First, except for perhaps those relative few Americans who live far enough north that they can’t avoid it, we almost never think about you. (Yes, I know, and that annoys you. Oh well. You’ll get over it.)
No, we have no plans to “take over” Canada (like I said, we think about Canada less often than we do fruitcake). We suffer from “If we figured it out on our own, then they can too” syndrome (adapted from “Hamburgers Yes, Federalism No” by Mark Steyn). Contrary to popular paranoid leftist delusions, we’re not too awfully interested in “meddling” with other countries unless it happens to be in our national interest. Sorry, life’s like that. And sure, though we’d like you on our side, be honest: It’s not like it makes much difference one way or another, given that you’ve so castrated your military you might as well not have it at all.

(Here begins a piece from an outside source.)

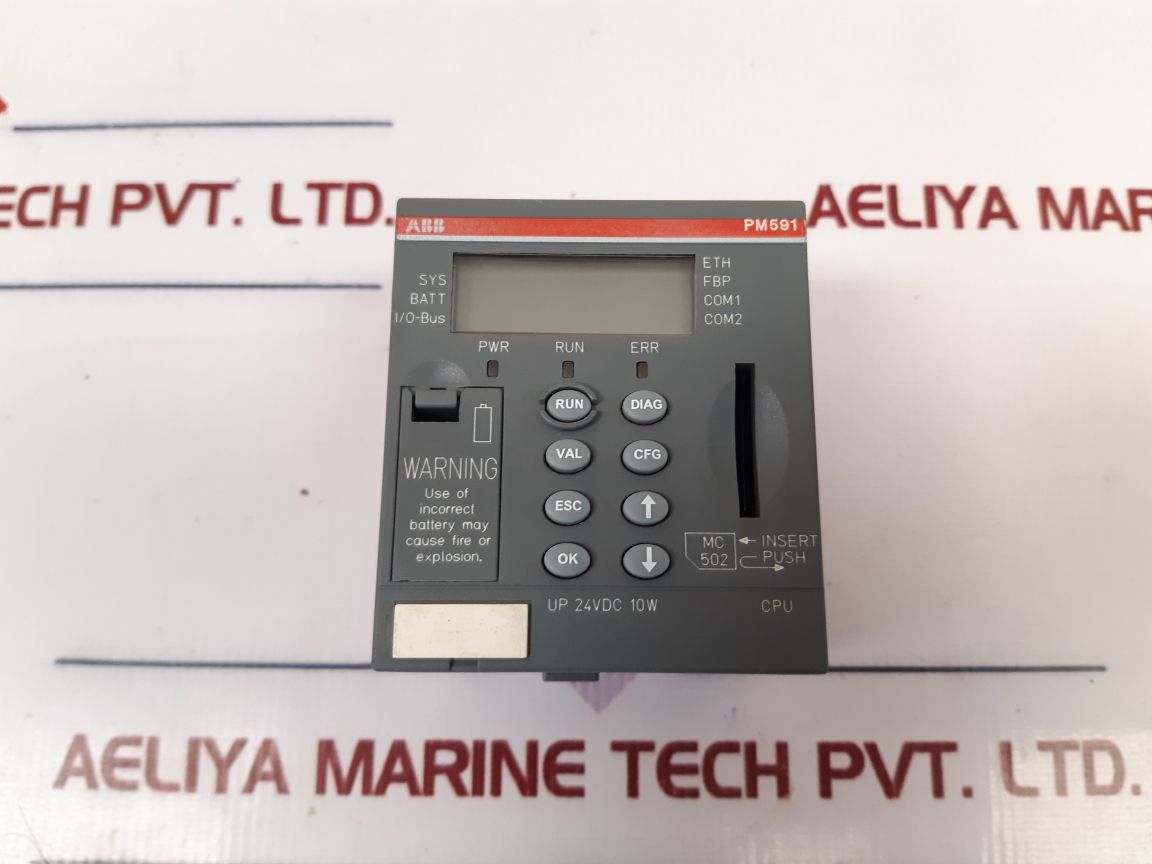 Abb Pm591-eth C0 Central Processing Unit 4Mb Ethernet 1Sap150100R0170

Second, those of us who either are close enough to the border or happen to work with Canadians tend to find them … I did say gentle and nurturing, didn’t I … annoying. Primarily, it’s because you Canucks are schizo. You can’t make up your minds who you are. All you can do is compare yourselves to us – and note that we never compare ourselves to you. That’s because we know who we are. We know what we stand for. We know why we’re a nation.
You don’t. That’s fine, of course, or would be if it didn’t make you go on and on and on and on about the US all the time. Let’s face it, when you come here to take advantage of our economy because you can’t find a job up there, then do nothing but cut us down, it gets old fast.
Hell, if you didn’t tell us, and never said “about” or “house” (or learned to say them in English), we’d never know you were from Canada. And amazingly, even that makes you go off the deep end.
Every time you do, we’re left scratching our heads wondering what the hell it is you want or expect.
Finally, believe it or not, we’re not even that annoyed with your left-wing nonsense. Even that bed-wetter Martin’s refusal to sign the missle treaty didn’t bother us, because be realistic. If a missle comes toward us through your air space, we are shooting it down, whether you like it or not. Deal with it. Come back to planet Earth.
And one more thing. If you see my luggage, you’ll see that universal NO sign over a maple leaf. Don’t take it personally. It’s not an anti-Candadian thing; it has to do with the fact that I’m far more annoyed by Americans who pretend to be Canadians.
Carry on.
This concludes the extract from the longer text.